So he starts snooping through his dad stuff and finds a key in an envelope that has the word "Black" written on it. He decides that this is some sort of posthumous game his dad has arranged for him, so he goes off on a long journey to find this Black person and figure out what the key means by visiting all the people with the name "Black" in New York City. Along the way he meets his long-lost grandfather who no longer speaks ... but we don't know why and never find out... and he meets a black couple in Fort Greene who are getting a divorce, but give a shit about Oskar for no particular reason.
There are so many layers of shit to dig through in this story, let alone the presentation on screen, that it's hard to know where to begin. Why does Oskar have to be on the Asperberger's spectrum? Why does Tom Hanks have a terrible New Yawk accent in some scenes and not in others? (Answer: looping.) Why does the grandfather not speak and why should I care about that? Why would a mother let her sorta special-needsy son walk around without her (even if she scouts the locations first)? (And how on earth does she have time to scout the locations for him?)

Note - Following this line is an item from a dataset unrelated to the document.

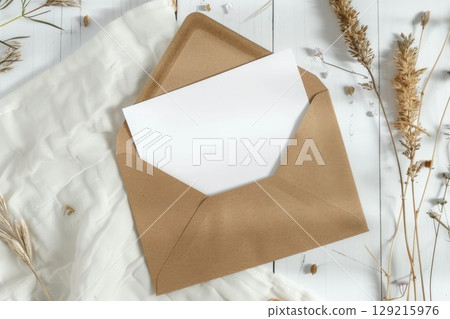 A typical brown envelope containing a separate white card inside of it. AI-generated content. 129215976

To say that Thomas Horn is annoying is like saying that Hitler wasn't fond of Jews. There really aren't words for whatever Horn is in this film. "Repulsive" comes to mind. It's impossible to align with the kid because his way of talking and looking at the world is so precious and otherhumanly that I could only be totally turned off by him. He's a totally concocted persona whose artifice is on display to all. And he carries around a fucking tambourine that somehow soothes his soul (like how watching Judge Wapner soothed Raymond Babbitt) so every time we see him walking around New York (which is about 80% of the film) he's ringing a goddamn tambo. Ugh!

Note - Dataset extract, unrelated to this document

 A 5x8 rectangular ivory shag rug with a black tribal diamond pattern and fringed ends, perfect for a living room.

I've said here before that movies about September, 11 are cheap because it's just simply too soon to have any perspective on. I had my own experience that day and I don't care about a fucking annoying kid's experience. What's more insipid here is that the fact that Thomas Schell died that day has nothing to do with the story. It's sentimental shorthand of the most vile variety. All that matters is that he dies - he could have simply chocked on a bagel and lox any other day in history. That would have been random and unfair. This is just manipulative garbage that tries to help understand what Oskar is feeling, but really just sets us spinning in a cycle of "I remember where I was on that day when..." - which really isn't story telling at all.
This is a movie about fathers and sons. Big fucking deal. Yet somehow it became a story about pain in the wake of September 11. It's all nonsense.